Beef and poultry production projections rise while pork outlook falls; administration examines meat prices amid consumer concerns.

USA – The U.S. Department of Agriculture has raised its 2025 beef production forecast to 25.95 billion pounds, an increase of 194 million pounds from November, driven by faster slaughter rates and heavier dressed weights.
Average steer prices are expected to decline slightly to US$223.97 per hundredweight, down US$2, as beef imports and exports are projected to fall while domestic consumption rises.
Pork production has been lowered to 27.462 billion pounds, a reduction of 25 million pounds due to slower slaughter rates, with barrow and gilt prices decreasing by US$0.50 to US$68.58 per hundredweight.
Imports of pork are expected to increase, while exports and domestic consumption are forecast to decline, reflecting a tighter balance in the market.
Broiler production is projected at 48.086 billion pounds, up 121 million pounds from previous estimates based on pre-shutdown data, with prices holding steady at US$1.247 per pound.

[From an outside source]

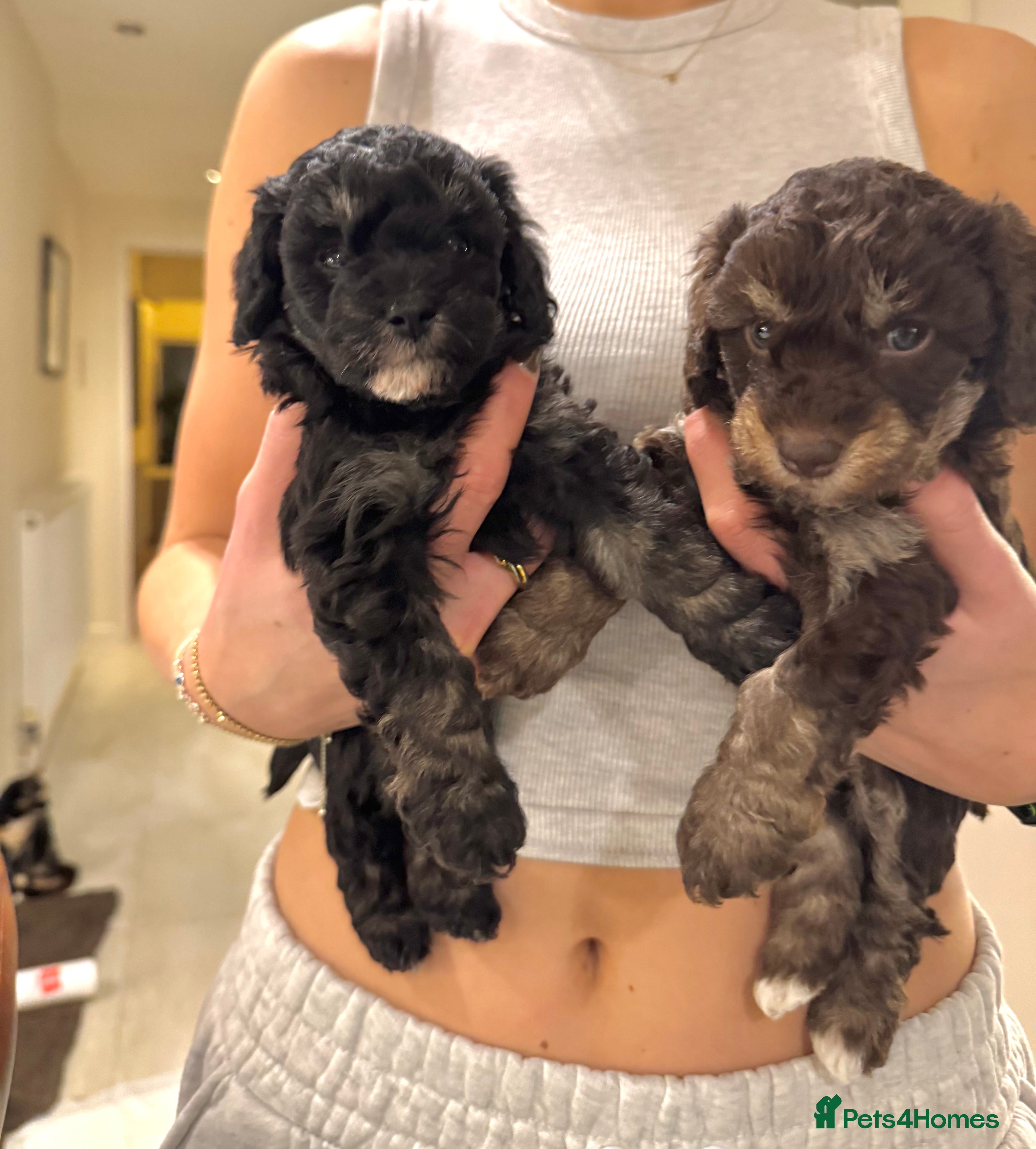 Maltipoo dogs Adorable Maltipoo girls ready to leave 22nd of Feb - Advert 13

Turkey output is forecast at 4.822 billion pounds, a gain of 15 million pounds compared to last month, following third-quarter production numbers, with prices rising slightly to US$1.352 per pound.
Egg production remains unchanged at 8.666 billion dozen, with an average price of US$3.794 per dozen, according to the USDA report.

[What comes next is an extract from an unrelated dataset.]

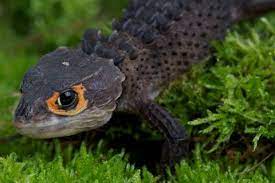 Red Eyed Crocodile Skink For Sale Crocodile Skink Red Eyed Crocodile Skink Lizard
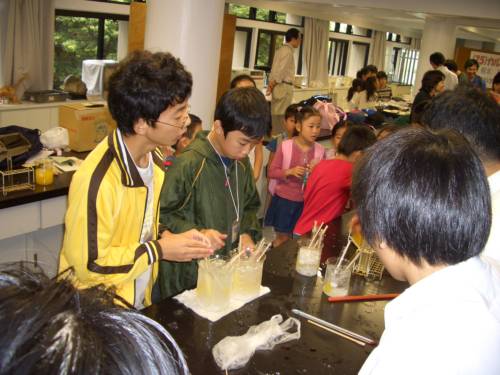 �A�C�X�L�����f�B���̗l�q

Looking ahead to 2026, the agency anticipates increased production of pork, broilers, turkey, and eggs, while beef output is expected to decline.

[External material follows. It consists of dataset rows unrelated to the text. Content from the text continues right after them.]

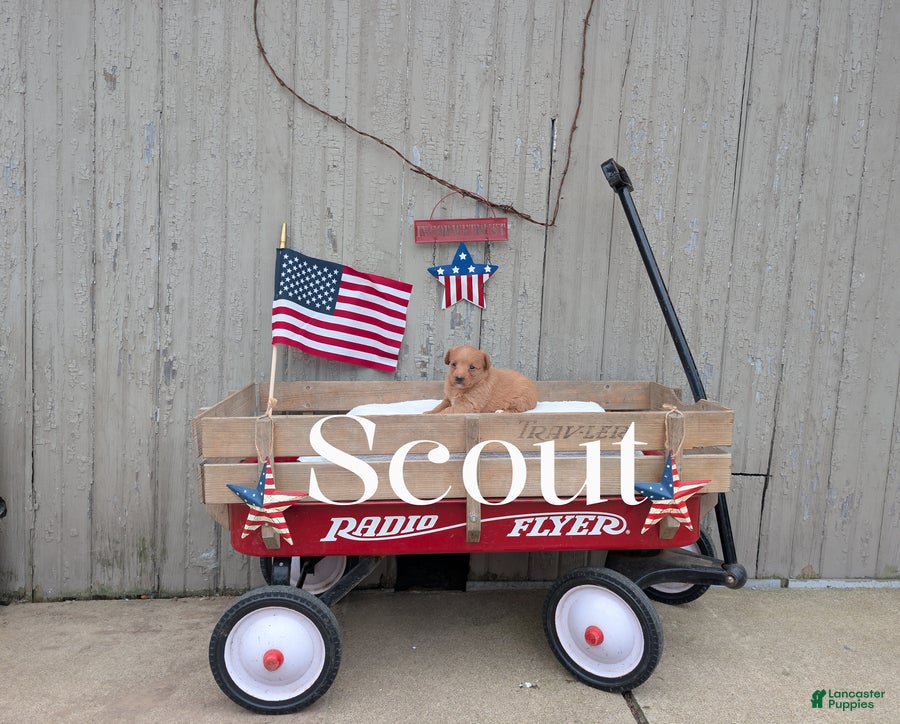 Mixed Breed dogs Scout - Ad 42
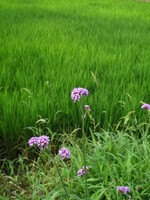 田んぼの花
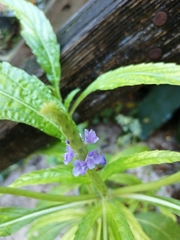 Verbenaceae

The next USDA release of supply, demand, and production estimates is scheduled for January 12th.
Record-high beef prices have prompted attention from the Trump administration, as grocery bills have risen 32 percent monthly compared to 2019, according to the Urban Institute.
President Trump has signed an executive order identifying meat processors, seed suppliers, fertilizer manufacturers, and farm equipment companies as sectors vulnerable to price manipulation and anti-competitive conduct.
The order highlights potential risks posed by foreign-controlled companies, warning that such activities could disrupt the U.S. food supply and affect affordability.
Major meatpackers with international ownership, including Brazil’s JBS and China’s WH Group, which owns Smithfield Foods, have come under increased scrutiny for their influence on domestic markets.
Earlier in 2025, WH Group separated Smithfield’s North American operations amid concerns over foreign control in U.S. agriculture.
Industry representatives emphasize that high retail beef prices coincide with financial challenges for processors, who face supply shortages due to limited cattle availability.
Tyson Foods announced plans to lay off over 4,000 employees and close one of its largest beef plants, citing supply constraints as a key factor.
Julie Anna Potts, CEO of the Meat Institute, said that beef packers have been operating at a loss for more than a year despite strong consumer demand, as cattle costs remain at record levels.
The administration has also lifted tariffs on selected food products, including beef and coffee, in an effort to reduce costs for consumers.